La baldanza militare dell'eroe perdente di Giuseppe Verdi

LIRICA - «Ernani» all'Opera di Roma, dopo 25 anni di assenza
PENNA ANDREA,

A chiusura dell'anno dedicato al bicentenario verdiano e per inaugurare la nuova stagione, l'Opera di Roma ha portato sulle scene Ernani, che mancava dalla capitale da quasi venticinque anni. La preparazione del titolo inaugurale è stata ultimata in giornate assai travagliate per il teatro, nell'imminenza del cambio di vertice, per le naturali scadenze del cda in carica, scaduto il 4 dicembre, fra pesanti incertezze sui conti economici, minacce di sciopero (poi rientrato), voci di commissariamento, forti richieste di un segno di discontinuità gestionale a fronte dei buoni risultati artistici.
Nello spazio delle sette recite, dal 27 novembre allo scorso sabato 14 dicembre, all'orizzonte pare profilarsi più sicuro l'arrivo come sovrintendente di Carlo Fuortes, forte della efficace gestione commissariale del Teatro Petruzzelli, ma a tutt'oggi sempre alla guida di Musica per Roma, alla quale difficilmente vorrà rinunciare.
Tutto questo avverrebbe, sotto l'egida dell'assessore Barca, con il necessario assenso di Riccardo Muti, che resta la vera carta vincente delle stagioni del teatro romano, come dimostra, sul piano musicale, anche il recente Ernani. Muti replica un disegno interpretativo già stabilito in anni giovanili e nelle recite scaligere, che si fonda sul doppio carattere dell'opera, accesa e spavalda in ampie porzioni dei primi due atti, sollevata da un colpo d'ala a partire dal terzo atto, probabilmente il vertice dell'opera, con un deciso approfondimento formale e drammaturgico rispetto ai precedenti esiti verdiani.
Nel precisare tale lettura, Muti alterna passaggi fiammeggianti fino alla baldanza militare (nelle strette e nei finali d'atto) a preziose levigature che talora richiedono a solisti e coro (in ottima forma) di sostenere un canto quasi a fior di labbro, mentre un variegato disegno agogico innerva i duetti, muove arie e le cabalette, con relative riprese.
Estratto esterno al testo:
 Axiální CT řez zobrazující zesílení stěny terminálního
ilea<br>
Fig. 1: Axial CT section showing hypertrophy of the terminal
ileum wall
Un gioco di sbalzi, di fiammate e cupe lumeggiature che resta vivacemente ancorato alla «tinta verdiana» (un esempio il duetto Don Carlo-Elvira nel primo atto e la scena che ne segue, come pure l'intero finale) ma non ne dimentica le ascendenze belcantische, e si giova particolarmente di una compagnia giovane, ancorché sostanzialmente in regola con i fondamentali del canto verdiano.
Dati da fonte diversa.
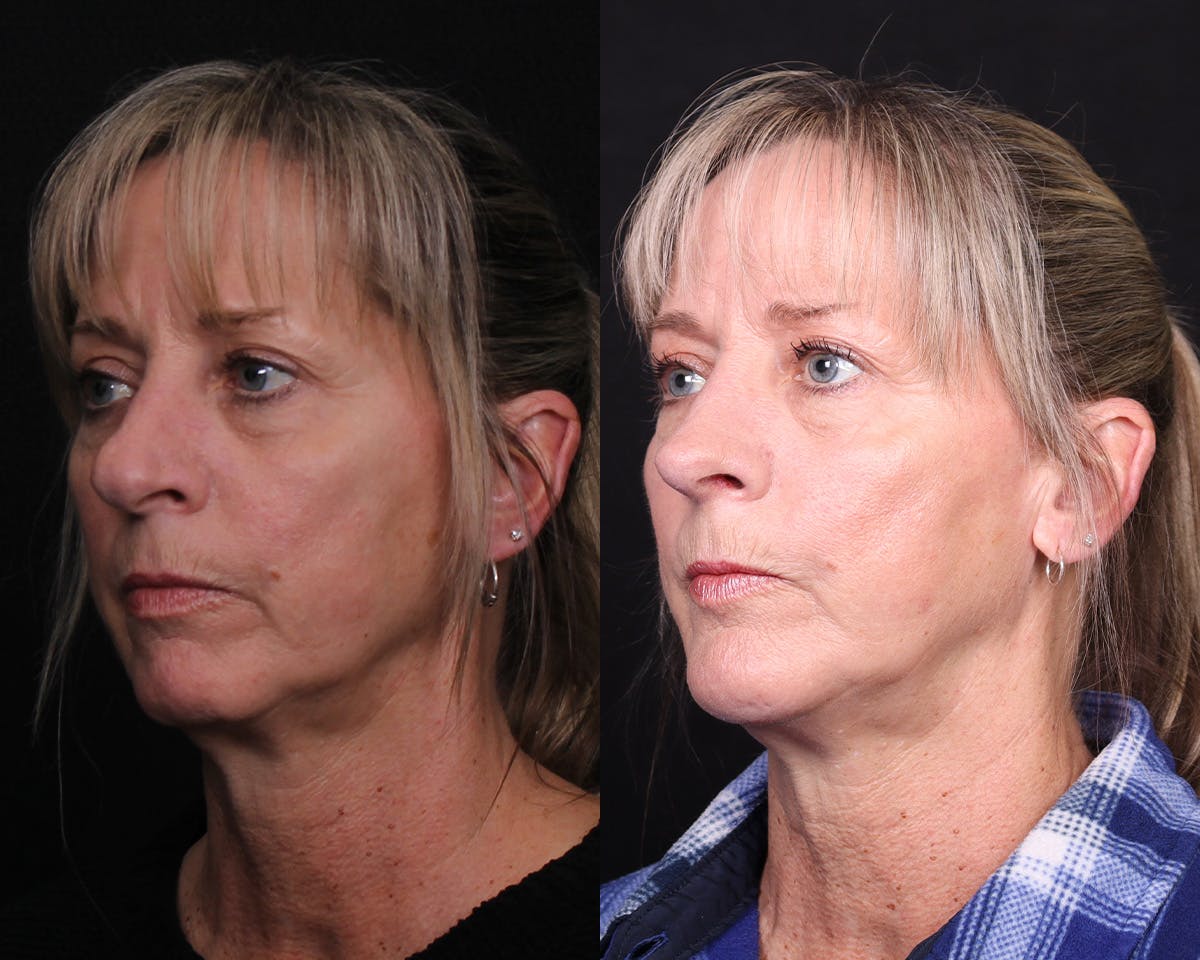 Rhinoplasty Female Before & After Gallery - Patient 364021 - Image 2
Su tutti emerge il Silva sontuosamente cantato di Ildar Abdrazakov, che ne coglie il carattere altero senza rinunciare alla morbidezza del canto. Luca Salsi centra la sua aria e conferisce a Don Carlo la necessaria maestà al momento dell'ascesa alla corona imperiale, contendendo gli eccessi nel declamato.
Tatjana Serjan, voce sempre svettante, supplisce alla fragilità della «cavata» con intelligenza interpretativa e canto saldo. Resta Francesco Meli, che all'Ernani tribunizio di alcuni interpreti storici, taglio peraltro inadatto al suo strumento, sostituisce un personaggio che nel canto lucente e appassionato e nella freschezza timbrica trova i tratti più convincenti, rinforzando la prospettiva romantica dell'eroe giovane schiacciato dal destino avverso, che aveva appassionato il pubblico del dramma di Hugo.
La regia di Hugo de Ana affolla le monumentali e incombenti scene (citazione della facciata del palazzo di Carlo V a Granada, modificato da pareti mobili e proiezioni, con le ottime luci di Vinicio Cheli) di una pletora di cortigiani, dignitari, alabardieri, dame e cavalieri, abbigliati più che sontuosamente, ma non riesce a muovere le masse adeguatamente (con l'unica parziale eccezione della scena di Aquisgrana) e convince anche meno nelle scene più raccolte, come nel quarto atto.
Al pubblico non sembra importare troppo, e tributa a tutti un successo caloroso.